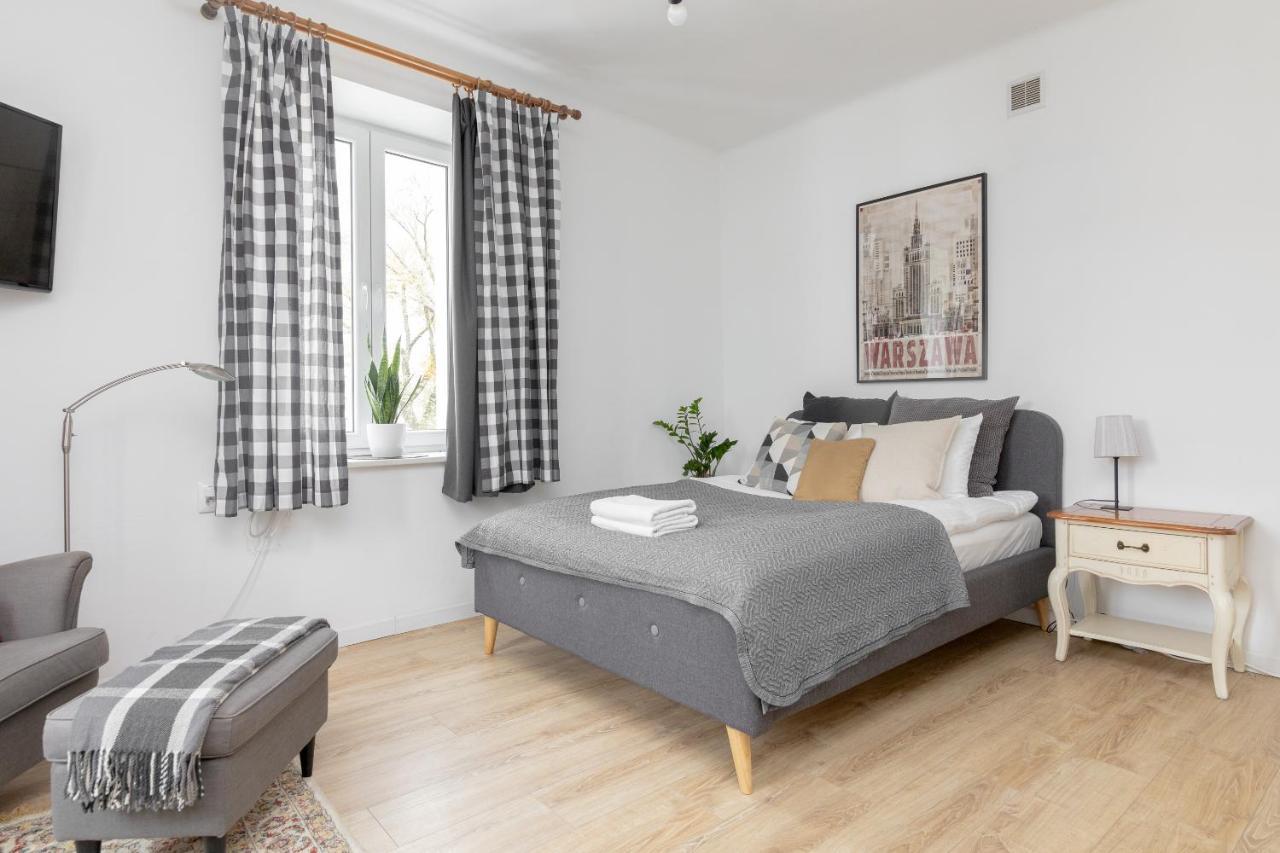 Park Promenada Cosy Apartment Warsawa Bagian luar foto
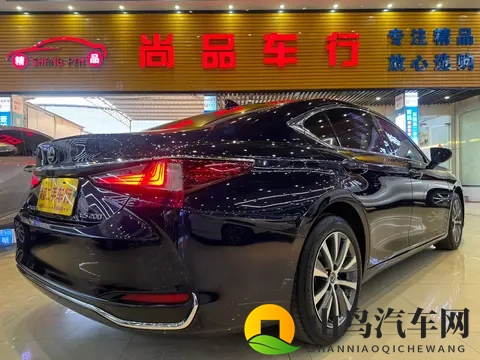 1458万,入手蓝色雷克萨斯ES,宜商宜家好选择-2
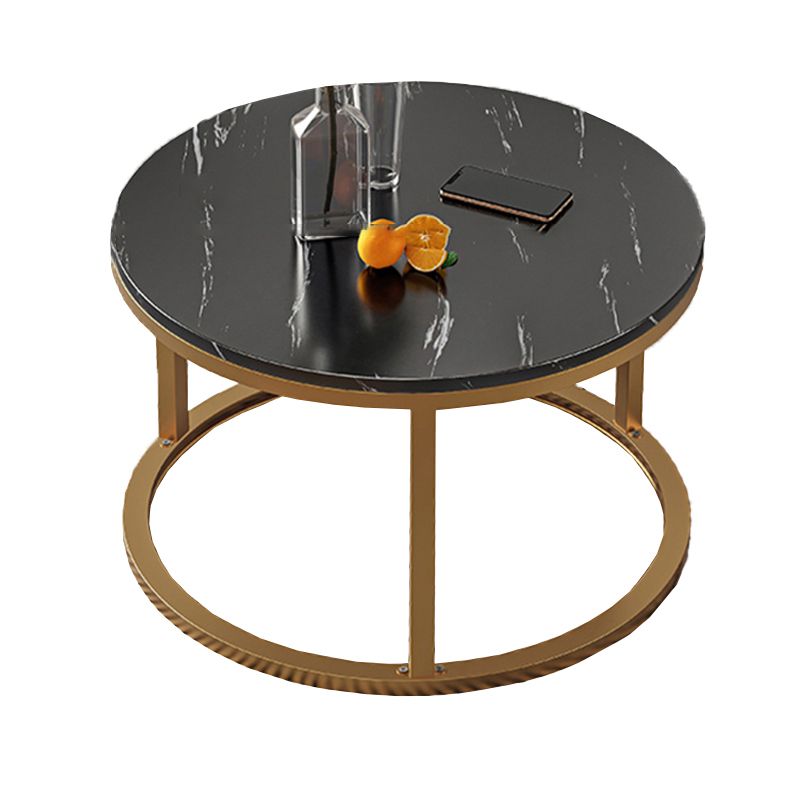 Slate Nesting Coffee Table Set No Distressing Round Coffee Table Set Clearhalo 'Coffee & Accent Tables' 'Coffee Tables' 'coffee_tables' 'furn' 'furn_coffee_tables' 'Furniture' 'Living Room Furniture' 1200x1200_fb0ef0ef-d26b-4731-842a-2cfbf9f6a4ec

#### [WHAT IS NEEDED]
Using the listing above, set down exactly each line from the one containing "1458万,入手蓝色雷克萨斯ES,宜商宜家好选择-2" through the final line, and leave out pictures.

#### [OUTPUT]
 1458万,入手蓝色雷克萨斯ES,宜商宜家好选择-2
 Slate Nesting Coffee Table Set No Distressing Round Coffee Table Set Clearhalo 'Coffee & Accent Tables' 'Coffee Tables' 'coffee_tables' 'furn' 'furn_coffee_tables' 'Furniture' 'Living Room Furniture' 1200x1200_fb0ef0ef-d26b-4731-842a-2cfbf9f6a4ec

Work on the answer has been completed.